Neil played the role of product owner in the agile development of a new University CMS for a year during which time he set the product vision and established a number of user-centred design practices. This followed on from his leading an extensive web publishing review and requirements gathering process with the University's website management and publishing community.
He has subsequently been the project's UX lead as well as leading the evolution of the website's information architecture.
Neil’s approach ( inspired by Jesse James Garrett’s model, The Elements of User Experience) has been employed successfully in a range of website and software development projects.
One refinement alone to the content management system in early 2010 is conservatively estimated to be saving the University £50,000 per year (with the true figure is more likely to be closer to double this).
A case study of this project was published as part of Jakob Nielsen’s Usability Return on Investment report (4th edition).
He has subsequently been the project's UX lead as well as leading the evolution of the website's information architecture.
Neil’s approach ( inspired by Jesse James Garrett’s model, The Elements of User Experience) has been employed successfully in a range of website and software development projects.
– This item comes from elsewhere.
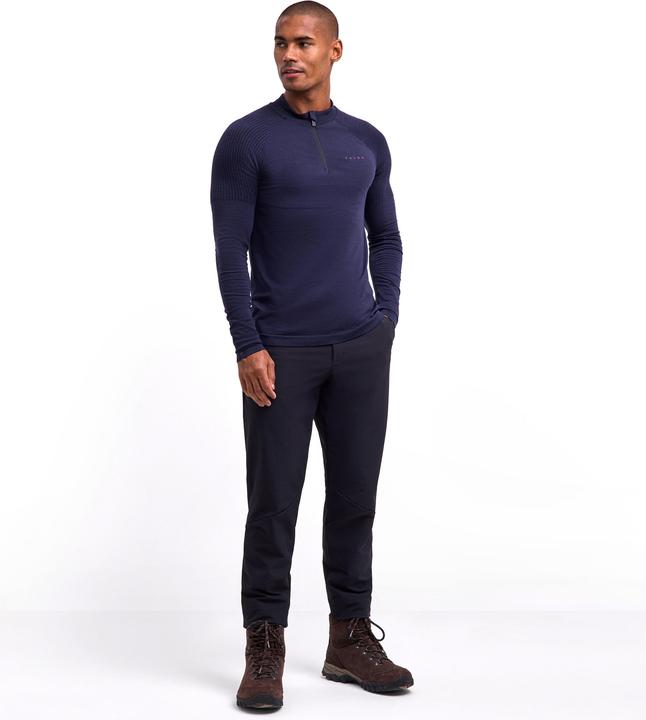 Actual product image Falke TK Thermallayer m (S)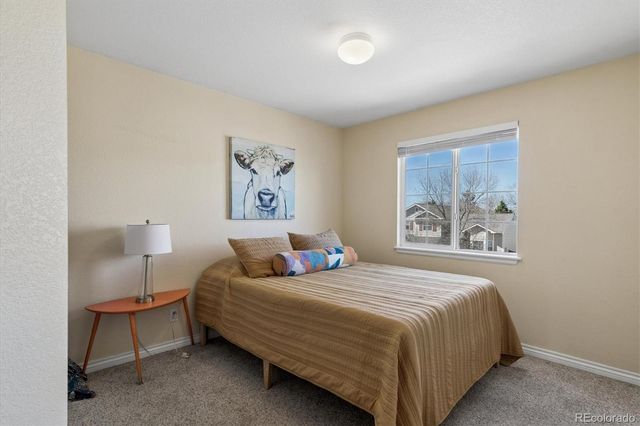 4240 Deer Watch Drive, Castle Rock, CO 80104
One refinement alone to the content management system in early 2010 is conservatively estimated to be saving the University £50,000 per year (with the true figure is more likely to be closer to double this).
A case study of this project was published as part of Jakob Nielsen’s Usability Return on Investment report (4th edition).
Neil has pioneered research activities investigating the prospective postgraduate student experience. In a cross-institution project, Neil combined personas, analytics and user testing to identify issues, communicate and initiate change and then monitor the effectiveness of ongoing improvements.
He has developed training and workshops on writing for the web, analytics, discount usability testing, prototyping and persona development. He also coordinates monthly website publishing community get togethers and has established a user experience interest group.
Writing for the Web training overview
Usability testing training overview
Participant reviews of Neil's usability testing course (PDF)
Prototyping for beginners (first delivered as part of a UK HE usability and UCD event)
Neil also presents regularly on user experience and content management related topics. This list is restricted to events outside the University of Edinburgh (as he presents there pretty much every month):
What's with UX in Higher Ed? (IWMW 2014 conference)
A bluffers guide to information architecture and content strategy (Edinburgh Open Source Breakfast 2014)
Marketing is dead - long live UX! (CIM Higher Ed conference 2013)
Experiences in user centred design at the University of Edinburgh (IWMW 2012 conference)
University content management system management (IWMW 2012 conference)
Introduction to prototyping (Scottish Usability Professionals Association)
Neil Allison's presentations on Slideshare
Previous roles
Prior to joining the University of Edinburgh, Neil worked in web marketing and communications for Otago Regional Council (New Zealand) and the University of Sheffield; leading usability research and user-centred design activities in both organisations as they introduced content management systems. He also devised and delivered writing for the web training, to enhance the quality of content produced within their devolved publishing frameworks.Quite a long time ago, Neil worked in higher education student recruitment marketing. And in what feels like another lifetime, he was a secondary school teacher.
Neil’s interest in usability and user-centred design stems from his successes and failures in the classroom with activities he liked to devise himself. School teaching is pretty much a series of user testing sessions with 30+ participants who are all too ready to tell you when the product isn’t working for them.